Nel 1993 Franco e Roberta Calarota, fondatori, della Galleria d'Arte Maggiore g.a.m. hanno realizzato una mostra innovativa dedicata a Gino Severini. In occasione di "Gino Severini. La regola, la maschera, il sacro", Franco e Roberta Calarota hanno ricostruito l'originale ed intera "sala delle Maschere" del Castello di Montegufoni, dipinta da Gino Severini nel 1921. L'opera fu commissionata a Severini da Sir Osbert George Sitwell, ultimo proprietario del Castello. La mostra presenta un excursus sull'opera di Gino Severini e come lo stesso Severini dichiara: «i personaggi della "Commedia dell'Arte" mi ha dato la possibilità di umanizzare la geometria e di aggiungere quel senso di fantastico e di misterioso che è stato usato dai Surrealisti». Una curiosità: durante la Seconda Guerra Mondiale, alcuni capolavori come la "Primavera" di Sandro Botticelli e la "Madonna di Ognissanti" di Giotto sono stati trasportati dagli Uffizi per essere nascosti e protetti.
Verso la fine del 1920 il mercante d'arte Léonce Rosemberg comunica a Gino Severini, allora in permanenza nella casa di cura di Bligny, che un suo importante cliente di Londra, Sir George Sitwell Bart, insieme ai suoi figli Edith, Osbert e Sacheverell, hanno intenzione di affidargli la decorazione di una sala del loro Castello di Montegufoni, presso Firenze. Se all'inizio i committenti erano indecisi se incaricare Severini o Picasso, ora offrivano al maestro italiano delle buone condizioni economiche ed una permanenza di sei mesi in Italia. In cambio di questa mediazione Rosemberg chiede a Severini una ventina di guazzi con scene della Commedia dell'Arte Italiana, molto vicine a un "Arlecchino" precedentemente inviato a Sitwell come prova conoscitiva del proprio lavoro.
Severini, che a partire dal 1917 stava superando il linguaggio cubista per orientarsi verso l'idea di un "realismo poetico" caratterizzato da una costruzione plastico-geometrica di matrice classica, inizia l'opera di Montegufoni nella primavera del 1921. Stabilito che dovrà decorare un piccolo locale vicono ad un salotto, l'artista comincia a pensare le sue composizoni di maschere e nature morte, all'interno di aree ricavate da una suddivisione matematica degli spazi, nella quale anche le porte e le finestre partecipano dello schema geometrico. Emerge con chiarezza lo spirito toscano del pittore, il suo bisogno di ordine e chiarezza che è il denominatore comune della sua opera; la sua passione per la potenzialità poetica del numero e per quel rigore di costruzione rintracciabile sin dalle sue prove divisioniste e futuriste.

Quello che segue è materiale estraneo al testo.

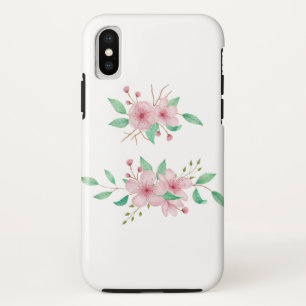 Capa Para iPhone Da Case-Mate Capa Case-Mate Tough para iPhone XS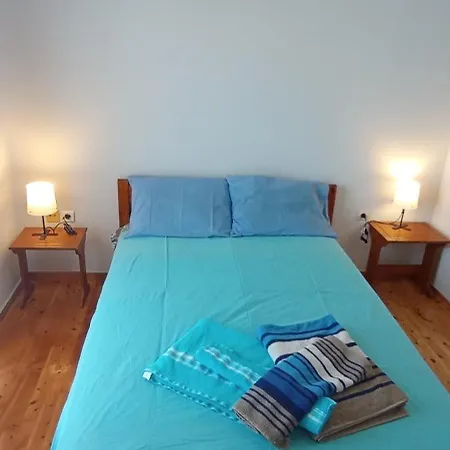 Apartment Alemar Kiáton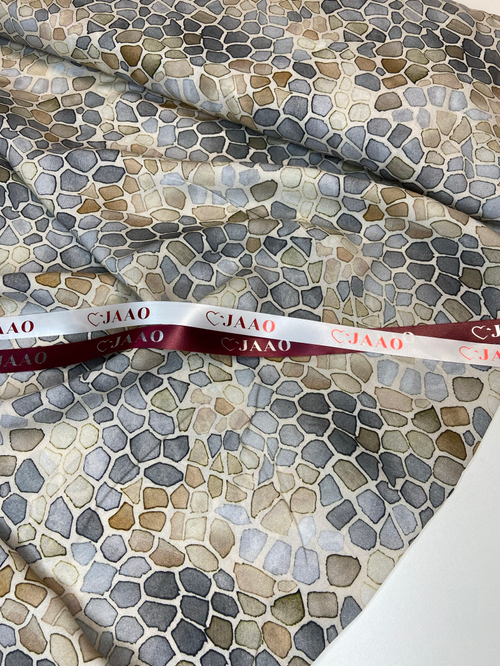 Штапель SILK TOUCH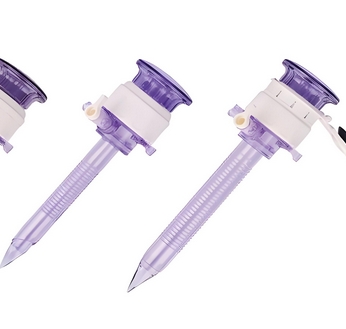AKXQ15 安克一次性使用胸腔穿刺器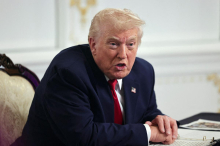 Umrla ustreljena pripadnica Nacionalne garde. Trump napoveduje ustavitev priseljevanja.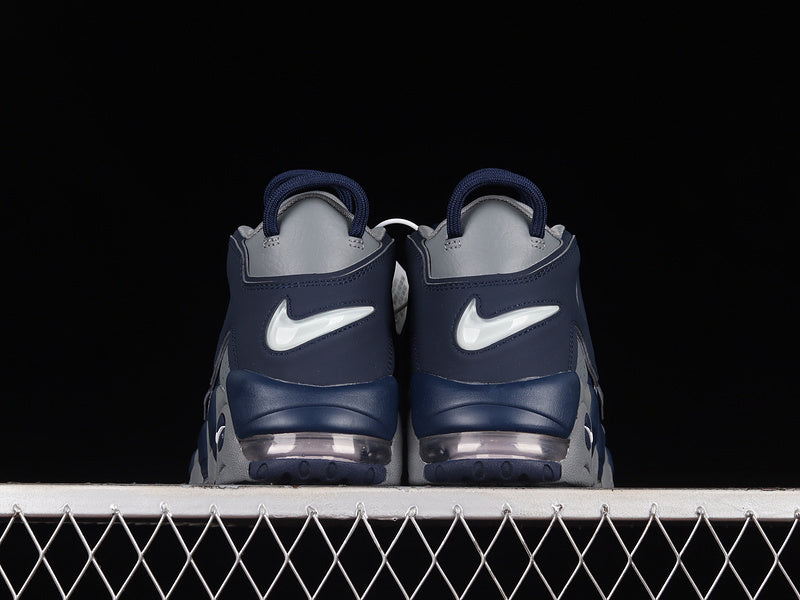 Air More Uptempo “Midnight Navy”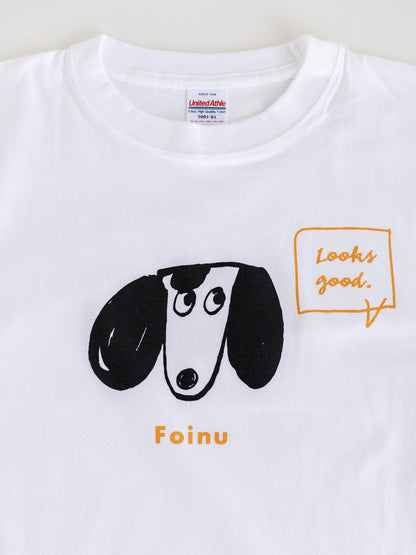 フォイヌ・Tシャツ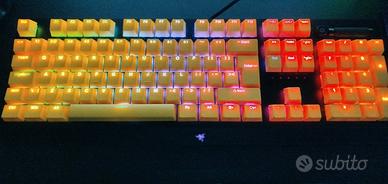 Razer BlackWidow V3 - Tastiera Gaming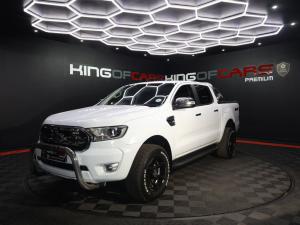 Ford Ranger 2.0SiT double cab 4x4 XLT - Image 3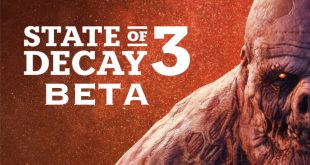 State of Decay 3 Beta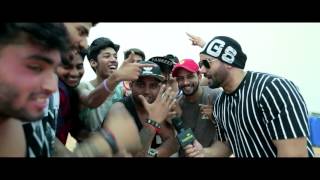 B Jay Randhawa Ft JSL Singh  Theth Gabru  LATEST PUNJABI SONG 2016  SHOOTOUT [upl. by Hannahsohs177]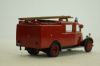 Citroen 23, Special Sarre, Hachette 1:43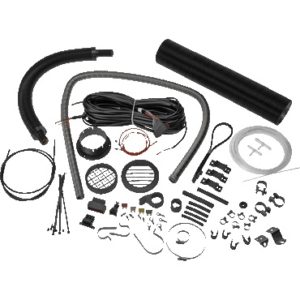 Zestaw montażowy ogrzewania postojowego, Marka Eberspächer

Quello di Severini è uno spirito toscano che guarda alla sezione aurea e a Piero della Francesca, e che satura le scene all'aperto abitate da Arlecchino, Pulcinella, Peppe Nappa e Tartaglia, della stessa luce azzurra e limpida che troviamo nelle celebri opere del maestro di Borgo San Sepolcro. Ma gli spazi delle scene dipinte nel castello di Montegufoni non si presentano come ingannevoli sfondati prospettici: appaiono piuttosto in qualità di spazi simbolici popolati da nature morte e da maschere dal significato allegorico: simboli che rimandano alla società contemporanea e alle sue contraddizioni, al quel "disagio della civiltà" che non poteva di certo essere raccontato dalla ragione classica o dal dinamismo futurista.